Первым результатом личного и близкого знакомства еп. Иоанна (Булина) с работой Движения стало обращение его летом 1929 г. к о. Сергию Четверикову с предложением занять должность духовника обители и оставить служение в РСХД. Возможно, что предложение это было весьма приятно о. Сергию, но принять его сразу же он не счел возможным:

«Urry (per Suévigny) Guérigny

Monpertuis du Sué

1929.8.IX

Ваше Преосвященство,

Глубокоуважаемый и дорогой Владыко! Большое Вам спасибо за Вашу любовь и доброе слово. Я Движение очень люблю, люблю молодежь, его составляющую, верю, что оно может иметь большое значение для России. Я вижу в нем одно из самых живых и отрадных явлений нашей зарубежной жизни. Я понимаю свою задачу в нем, как человека, приставленного к охранению и углублению в нем Православного Духа и любви к Православной Церкви. До сих пор между нами нет никакого разъединения. И потому я не оставлю Движения до тех пор, пока у меня будет оставаться хоть немного сил работать в нем, или пока я не увижу человека, которому я мог бы спокойно передать его.

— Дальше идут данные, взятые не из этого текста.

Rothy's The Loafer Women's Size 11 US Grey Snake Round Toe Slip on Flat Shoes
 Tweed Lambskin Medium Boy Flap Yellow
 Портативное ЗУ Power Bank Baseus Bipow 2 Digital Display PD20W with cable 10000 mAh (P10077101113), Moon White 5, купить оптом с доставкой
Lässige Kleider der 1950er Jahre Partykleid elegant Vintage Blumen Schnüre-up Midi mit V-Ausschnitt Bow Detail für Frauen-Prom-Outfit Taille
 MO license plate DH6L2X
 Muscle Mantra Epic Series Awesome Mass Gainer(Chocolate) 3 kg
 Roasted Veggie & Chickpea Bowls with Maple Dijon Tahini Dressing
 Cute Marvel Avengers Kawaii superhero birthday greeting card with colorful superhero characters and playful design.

Если Бог поможет, я не оставлю моей работы до будущего лета, а дальше, как Бог даст.

И если Господь судит мне остаток моей жизни провести в стенах Вашей Святой обители, это будет для меня самым отрадным завершением моего земного бытия. Только Вы не возлагайте на меня преувеличенных надежд. Старчествовать я, конечно, не смогу: у меня для этого нет никакого опыта, никакой школы. Я был бы похож на того Старца, о котором о. Анатолий Опт[инский] сказал: „заставь кучера плести кружева: он такое наплетет, что и десятки опытных мастеров не распутают“.

Моим делом может быть только молитва и богослужение. Может быть, в обители научусь молиться, как следует.

Я очень рад Вашему доброму отзыву о нашей молодежи. Мне говорили, что до Съезда Вы не совсем доверяли православию нашего Движения. Результаты Съезда превзошли наши ожидания. Между нашею молодежью и обителью и окрестным русским населением чувствовалось совершенное единодушие. Мы оказались своими, родными и Древней св. обители и русскому народу. Это — первый опыт нашей непосредственной встречи со св. Русью.

И все же очень печально, что многие люди, не зная непосредственно Движения, относятся к нему отрицательно и враждебно, как к масонской затее. Им хотелось бы сказать „прииди и виждь!“

Я сейчас живу в деревне — отдыхаю после всех летних поездок. Но 18-го Сент[ября] начинается под Парижем наш годичный деловой Съезд, т. е. Съезд представителей всех кружков Движения для оценки работы прошлого года и обсуждения плана будущего года. Съезд продлится неделю. После Съезда я буду жить безвыездно в Париже до будущего лета. Разве только придется объехать Французское отделение Движения.

Мой постоянный парижский адрес: 10 Bd Monparnasse Paris XV. Еще раз благодарю Вас за Вашу любовь. А будущее да управит Царица Небесная и преподобные Псково-Печерские, если им угодно будет мое пребывание у Вас.

Прошу Вашего Архипастырского благословения и св. молитв и остаюсь искренно преданный Вам Прот. С. Чет[вериков].

  1. S. В Девичьей летней колонии мы пробовали петь „Царице моя преблагая…“ Будем стараться приучить нашу молодежь к этому песнопению. О. Иоанн Янсон, которого мы ожидаем в Париж к 18-му, обещал издать ноты для всех молитв, певаемых в Вашей обители»[58].

Последовавшие события в жизни как самого епископа Иоанна Печерского, так и всей Эстонской Апостольской Православной Церкви повлияли на намерение о. Сергия, и в Печерском монастыре он так и не водворился[59].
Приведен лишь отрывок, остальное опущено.